胰腺癌仍然是最致命的实体瘤之一，因为诊断较晚并且发生癌症的可能性很高。 转移性扩散。为了改善患者的预后，需要有效的新系统治疗。 靶向放射性核素治疗已证明癌症治疗的有效性，特别是 177Lu- dotatate 治疗神经内分泌肿瘤，包括胰腺肿瘤。前列腺干细胞抗原 (PSCA) 是 在 60-80% 的胰腺腺癌中表达上调，使其成为抗体导向的有希望的靶点 治疗。 A2 scFv-Fc2 DM 是一种工程抗体片段，专为优化 在胰腺癌中输送治疗性放射性核素。

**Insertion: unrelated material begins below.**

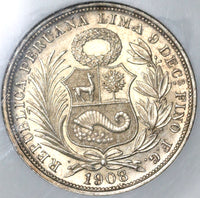 1908/7 NGC MS 62 Peru 1/2 Sol Silver Seated Liberty Rare 30k Coin (21032103D)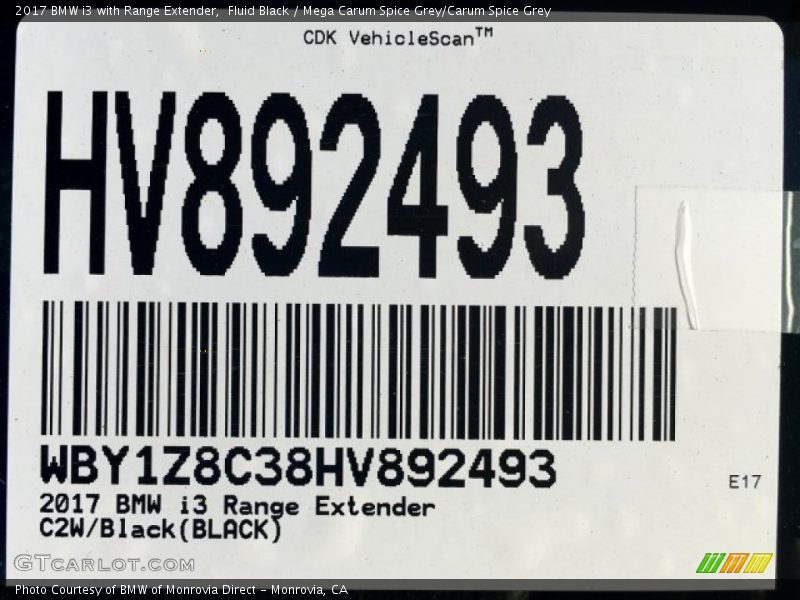 Fluid Black / Mega Carum Spice Grey/Carum Spice Grey 2017 BMW i3 with Range Extender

它基于人源化、高亲和力的抗 PSCA 抗体，并含有经过改造的 Fc 突变，可通过肝胆途径促进快速血液清除。作为一个 结果，对关键器官/组织（骨髓和肾脏）的辐射剂量降至最低，从而实现有效输送 α或β发射放射性核素对肿瘤的影响。在目标 1 中，将在小鼠中进行生物分布研究 模型，以确认预期的肿瘤靶向和肝脏清除。正式的剂量估计将是 用于用 177Lu 或 225Ac 放射性标记的 scFv-Fc2 DM 进行治疗。目标2将探索潜力 抗 PSCA scFv-Fc2 DM 在小鼠胰腺癌模型（包括皮下注射）中的功效 人胰腺肿瘤细胞的异种移植物，huPSCA 敲入小鼠中 KPC-PSCA 肿瘤的同基因模型， 和患者来源的胰腺肿瘤异种移植模型。 α发射体的相对功效和毒性 225Ac和β-发射体177Lu将被分析，以便为未来的临床治疗研究做好准备。在目标 3 中， 将进行抗 PSCA scFv-Fc2 DM 的临床生产和缀合，进行测试，并 IND 提交。最后，在目标 4 中，我们将使用 64Cu-DOTA-anti-PSCA scFv- 进行首次人体成像研究 Fc2 DM 在晚期胰腺癌患者中的作用，以评估靶向性和清除特性 这种新型工程抗体片段的潜在辐射剂量传递。本次临床结果 免疫PET研究对于指导放射免疫治疗剂的未来开发至关重要，该治疗剂可以 在胰腺癌的治疗诊断方法中实施。